(Crawled caption data)
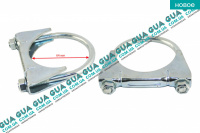 Хомут / кронштейн крепления металлический глушителя D64 мм 1шт. ( универсальный ) SsangYong / САНГЙОНГ KYRON 2.0XDI (1998 куб.см.)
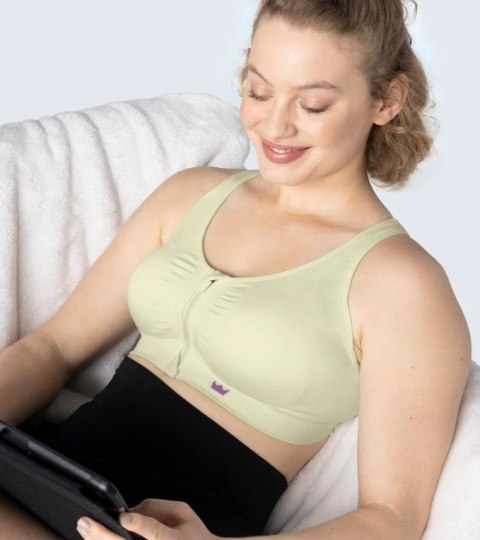 STANIK SPORTOWY TOP SHEFIT ZIELONY ZAPINANY Z PRZODU 4XL STANIK SPORTOWY TOP SHEFIT ZIELONY ZAPINANY Z PRZODU 4XL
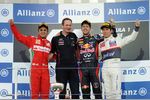 Gallerie: Felipe Massa (Ferrari), Paul Monaghan und Sebastian Vettel (Red Bull) und Kamui Kobayashi (Sauber)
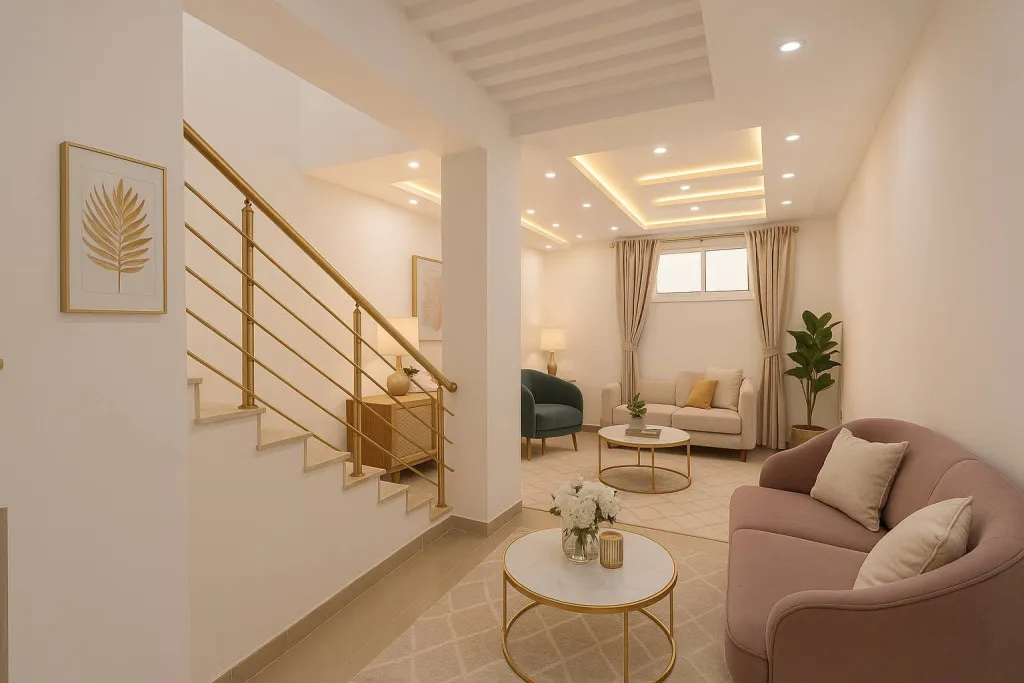 À Louer – Villa Style Américain à Mourouj 6 | 240 m² couvert, 320 m² terrain, jardin & garage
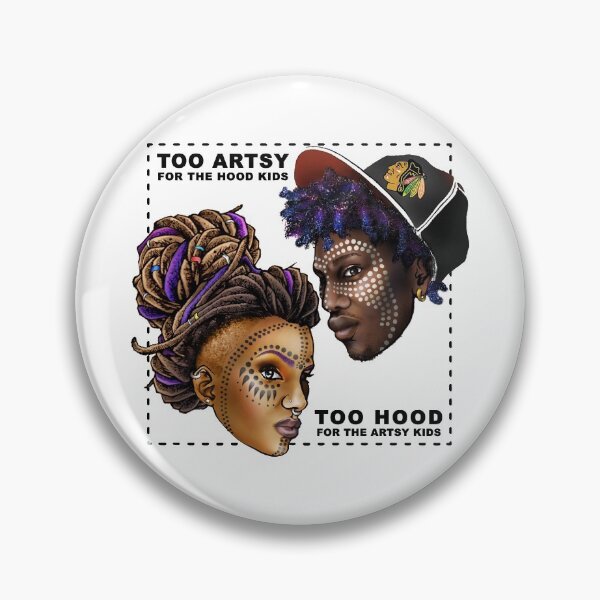 Artikelvorschau, Zu künstlerisch. Zu Hood. entworfen und verkauft von The Gift Shop ★.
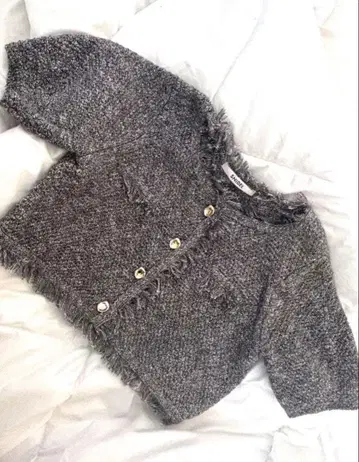 SNIDEL 반팔 가디건 그레이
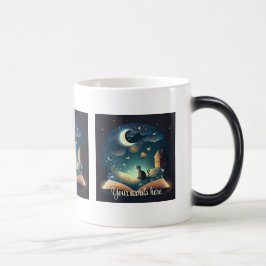 Caneca Mágica Crie seu próprio Gato Preto Místico e Grimoire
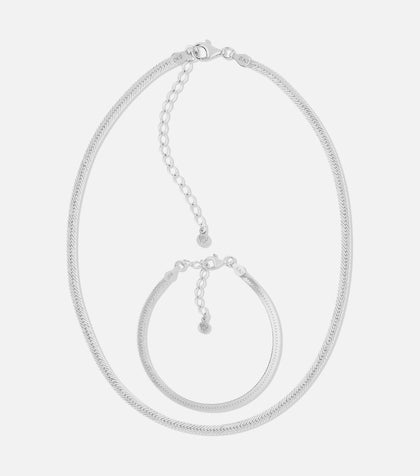 BRUNA The Label Sets 925 Sterling Silber Monti Choker Set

Action item ::
Without any pictures, please reproduce the full set of entries.

Reply ::
 Хомут / кронштейн крепления металлический глушителя D64 мм 1шт. ( универсальный ) SsangYong / САНГЙОНГ KYRON 2.0XDI (1998 куб.см.)
 STANIK SPORTOWY TOP SHEFIT ZIELONY ZAPINANY Z PRZODU 4XL STANIK SPORTOWY TOP SHEFIT ZIELONY ZAPINANY Z PRZODU 4XL
 Gallerie: Felipe Massa (Ferrari), Paul Monaghan und Sebastian Vettel (Red Bull) und Kamui Kobayashi (Sauber)
 À Louer – Villa Style Américain à Mourouj 6 | 240 m² couvert, 320 m² terrain, jardin & garage
 Artikelvorschau, Zu künstlerisch. Zu Hood. entworfen und verkauft von The Gift Shop ★.
 SNIDEL 반팔 가디건 그레이
 Caneca Mágica Crie seu próprio Gato Preto Místico e Grimoire
 BRUNA The Label Sets 925 Sterling Silber Monti Choker Set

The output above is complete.